И совсем по-гоголевски насыщен состраданием, болью за попранное человеческое достоинство рассказ Марии Жудит де Карвальо «Все изменится». Подобно Акакию Акакиевичу, герой рассказа, незначительный чиновник, годами мечтает о новом костюме (старый совсем обветшал и расползается по швам). Но когда наконец у него чудом оказывается этот костюм и он предается самым радужным мечтам о будущем («теперь… все пойдет по-другому, все изменится»), его сбивает автомобиль.
Дореволюционная Португалия представляется У. Таваресу Родригесу огромным «исправительным домом», где люди заведомо признаются преступниками или умалишенными, а воспитанием их занимается непогрешимый и могущественный «громовержец» дядя Бог, в образе которого автор, по собственному признанию, вывел Салазара. Дядю Бога сближают с португальским дуче не столько черты внешнего сходства — «тонкие сухие губы, острые скулы, раздвоенный подбородок, хитрый, всевидящий глаз следователя», — сколько особенности характера и поведения, смесь жестокости и лицемерия, стремление любой ценой соблюсти внешнюю благопристойность, что и было основой политики фашистской Португалии.

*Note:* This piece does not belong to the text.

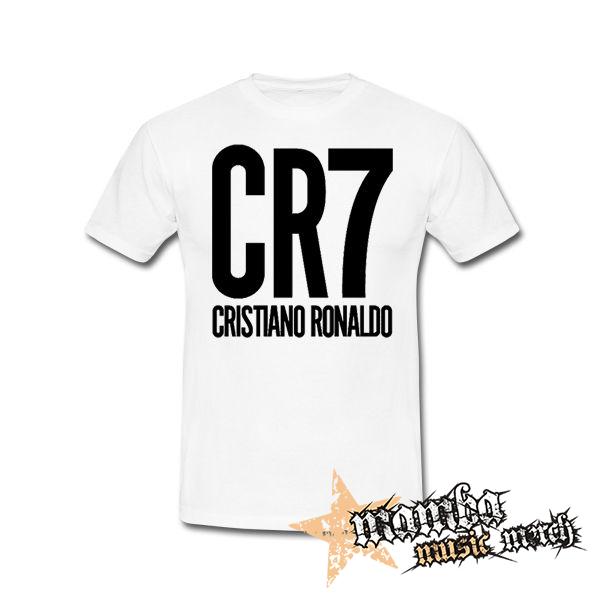 CRISTIANO RONALDO - CR7 Crest - biele detské tričko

Сложная задача, стоявшая перед писателем, обусловила использование своеобразных изобразительных средств — метафоричности, острой сатиры, порой переходящей в гротеск, что наиболее заметно проявляется во второй части новеллы «Дядя Бог» — «Оскверненные розы». Временами автор сочувствует мятежным настроениям юных бунтарей, опьяненных иллюзией свободы, ощущением «вседозволенности»; ему близки и понятны их протест, желание отомстить мучителю, причины этого бунта, хотя он, разумеется, не оправдывает тех методов, к которым они прибегают; временами же писатель не только осуждает охватившую бунтарей жажду убийства и разрушения, но и пытается найти причины их «моральной освобожденности», разнузданности, смещения в их сознании понятий добра и зла. Эта двойственность позиции проявляется у У. Тавареса Родригеса в постоянном чередовании повествований от первого и третьего лица. То он как бы перевоплощается для большей достоверности в Фаусто или Жасмина («Какое имеет значение, кто из них я и кто из них был я»), чтобы, сопереживая, ощутить и себя одним из узников салазаровского «исправительного дома», где все безумны: и палачи, и жертвы, все заражены тлетворным духом разложения, распада — тогда повествование ведется от первого лица; то возвышается над этими маленькими, затравленными зверьками и смотрит на неприглядные сцены, разыгрывающиеся в «исправительном доме», как бы ретроспективно, из будущего, силой воображения сумев перенестись в послереволюционные времена, когда режим личной власти оказался свергнутым, — в этих случаях писатель обращается к повествованию от третьего лица.